Understanding Liability Waivers
By Eric Eilerman & Dr. Peter Titlebaum
To understand liability waivers, it is first important to have an understanding of some of the legal terms.
One important term is "negligence." There are two basic types of negligence—gross negligence and ordinary negligence.
Gross negligence primarily occurs when there is a failure to correct a problem after it has been reported. For instance, an injury that results from a failure to repair a piece of broken fitness equipment after the malfunction had been reported would qualify as gross negligence. The facility or organization will be held liable in the event of gross negligence, regardless of whether a liability waiver has been signed or not.
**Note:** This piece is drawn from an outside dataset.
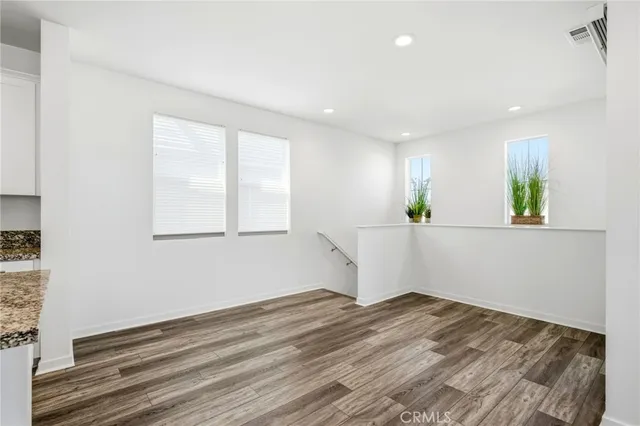 a view of a room with wooden floor and window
According to Doyice Cotten, a sports risk consultant, ordinary negligence is "the failure to act as a reasonably prudent professional would act under the circumstances." These circumstances can include broken equipment, safety hazards or accidental bad advice from a professional. For a facility or event, a liability waiver is designed to provide financial protection from this type of negligence. For example, a liability waiver could prevent a facility from being sued if a person breaks their leg because a treadmill suddenly stopped working.
While waiver law is pretty straightforward when applied to adults, there is quite a bit of leeway in the law when it is applied to minors. Liability waivers are typically viewed as a contract. Minors, however, are unable to legally sign a contract and are therefore not bound by the waiver. This leaves a facility liable for all negligent acts regarding minors and leaves them open to a lawsuit either by the parents of the child or from the child himself after he reaches the age of 18.
Many facilities now protect themselves by having a parent or guardian co-sign the waiver along with the minor. The facility believes that the parent is signing away the rights of the minor and "promising" the facility that neither the parent nor the minor will file any legal action against the facility. This concept, however, is not usually enforced by the courts.
An interesting case occurred in 1996 in Michigan when a 10-year-old girl was injured when another child jumped into a swimming pool on top of her. The mother agreed not to sue in exchange for a $3,275 settlement with the YMCA where the injury occurred.
However, when the girl turned 18, she filed a lawsuit against the YMCA. The court ruled that the parent "had no authority, merely by virtue of being a parent, to waive, release or compromise claims by or against the parent's child." In other words, the mother did not have the legal authority to sign away the child's rights, and the YMCA was still liable for the negligent act.